After reading the tutorial on dollar with gap switching, I tried to implement it myself, with the followig aim:
• In the lighter weights, I only want the dollar with stroke running through
• In the bolder weights, I want the dollar with gap as the default and the dollar with stroke available via ss02
So, I followed the instructions in the tutorial but for the Rename Glyphs
parameter, I used
dollar=dollar.ss02
dollar.gap=dollar
(plus all the other bits such as cent and the various figuer styles) in the bold.
Turns out this does not work because the original dollar glyph is removed even though I “saved” it by renaming it first. Seems like a bug in Glyphs?

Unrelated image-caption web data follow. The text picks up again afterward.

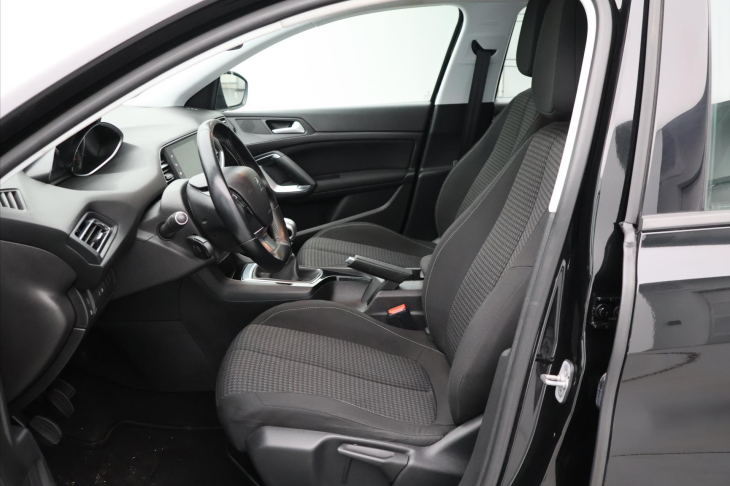 Peugeot 308 1,5 HDI 75kW Aut.klima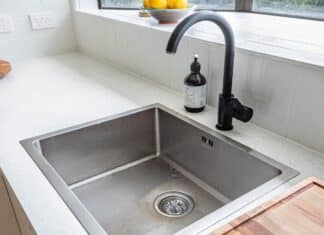 Do Undermount Sinks Have Faucet Holes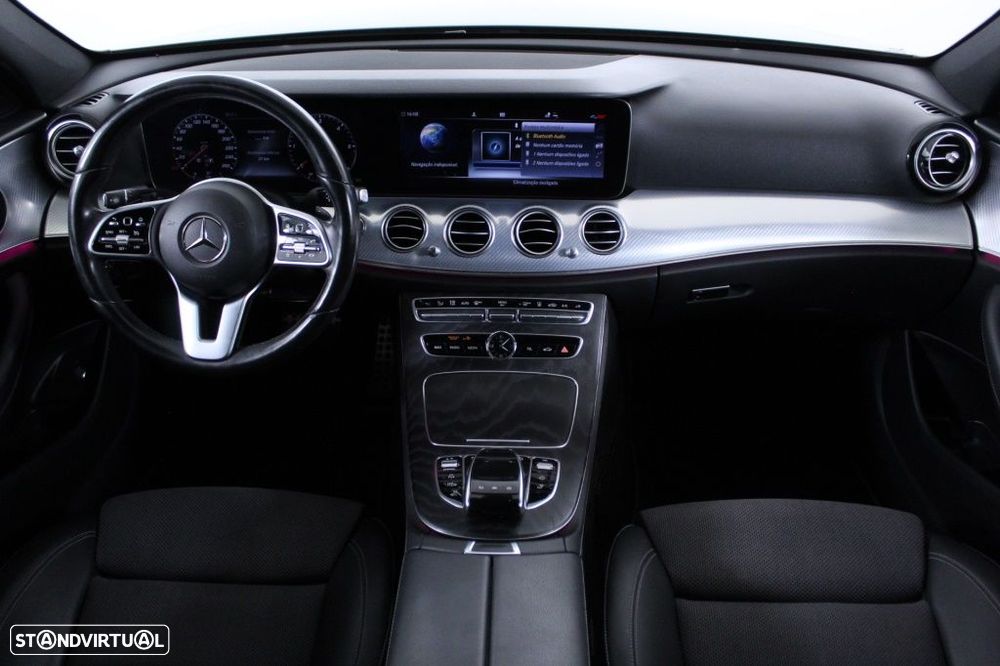 Mercedes-Benz E 300 de Avantgarde - 18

Next attempt, I tried having no “dollar” glyph in the working file and instead using
dollar.stroke=dollar
in the light and
dollar.stroke=dollar.ss02
dollar.gap=dollar
in the bold.
This preserves both glyphs but the dollar with gap is now non-exporting. It is in contradiction to what the manual says:
Will overwrite any previously existing glyph with the same name, update composites that employ the glyph, and always export the resulting glyph, no matter whether the Exports attribute of the source glyph was activated or not.
Seems like a bug in Glyphs?
The work-around I found was to create an empty exporting dummy “dollar” glyph, which makes the resultig “dollar” exporting. Ugly but it works.
Wait, it doesn’t! With this solution, the ss02 feature is simply not created. Feels like playing cat and mouse with Glyphs.
My final solution is to name the stroked dollar “dollar.ss02” in the working file (again, this is ugly), and then use
dollar.ss02=dollar
in the light and
dollar.gap=dollar
in the bold, of course, with dummy dollar (and cent and all the other variants). It took me about two hours in total to figure it out.
So, my question is: Am I missing something totally obvious, or is the behaviour I want too non-standard, or should I just accept this work-around and shouldn’t complain?